You can use the CREATE TABLE statement to create a table.
This section mainly introduces non-partitioned table creation. For information about how to create and use partitioned tables, see Create a partitioned table.
Create a non-partitioned table
Creating a non-partitioned table means creating a table that has only one partition.
A sample statement for creating a non-partitioned table is as follows:
obclient> CREATE TABLE table_name1(w_id int,
w_ytd decimal(12,2),
w_tax decimal(4,4),
w_name varchar(10),
w_street_1 varchar(20),
w_street_2 varchar(20),
w_city varchar(20),
w_state char(2),
w_zip char(9),
unique(w_name, w_city),
primary key(w_id)
);
obclient> CREATE TABLE table_name2 (c_w_id int NOT NULL,
c_d_id int NOT null,
c_id int NOT null,
c_discount decimal(4, 4),
c_credit char(2),
c_last varchar(16),
c_first varchar(16),
c_middle char(2),
c_balance decimal(12, 2),
c_ytd_payment decimal(12, 2),
c_payment_cnt int,
c_credit_lim decimal(12, 2),
c_street_1 varchar(20),
c_street_2 varchar(20),
c_city varchar(20),
c_state char(2),
c_zip char(9),
c_phone char(16),
c_since date,
c_delivery_cnt int,
c_data varchar(500),
FOREIGN KEY (c_w_id) REFERENCES table_name1(w_id),
primary key (c_w_id, c_d_id, c_id)
);
The example creates two tables and defines some constraints on different columns, including primary keys and foreign keys.
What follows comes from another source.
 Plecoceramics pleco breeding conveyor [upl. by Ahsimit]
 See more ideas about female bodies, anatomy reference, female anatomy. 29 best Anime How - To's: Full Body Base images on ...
For more information about primary keys and foreign keys, see Define column constraints.
Select the correct data type for each column when you create a table. For more information about SQL data types, see Data types.
Note
To ensure performance and facilitate maintenance, we recommend that you specify a primary key or a unique key when you create a table. If no existing field can be used as the primary key, you can add a numeric column as the primary key, and use the Sequence object of the Oracle-compatible tenant to generate sequential values for this column. For more information about sequences, see Manage sequences.
Create a replicated table
A replicated table is a special type of table in OceanBase Database. A replicated table can read the latest data modifications from any healthy replica. If you do not frequently write data and are more concerned about the operation latency and load balancing, a replicated table is a good choice.
After you create a replicated table, a replica of the replicated table is created on each OBServer node in the tenant. One of these replicas is elected as the leader to receive write requests, and the other replicas serve as followers to receive only read requests.
All followers must report their status, including the replica replay progress (data synchronization progress), to the leader. Generally, the replica replay progress on a follower lags behind that on the leader. A follower is considered by the leader as healthy only if the data latency between the follower and the leader is within the specified threshold. A healthy follower can quickly synchronize data modifications from the leader. If the leader considers a follower as healthy within a period of time, it will grant a lease period to the follower. In other words, the leader believes that the follower can keep healthy and provide strong-consistency read services within the lease period. During this lease period, the leader confirms the replay progress on the follower before each replicated table transaction is committed. The leader returns the commit result of a transaction only after the follower successfully replays the modifications in the transaction. At this time, you can read the modifications in the committed transaction from the follower.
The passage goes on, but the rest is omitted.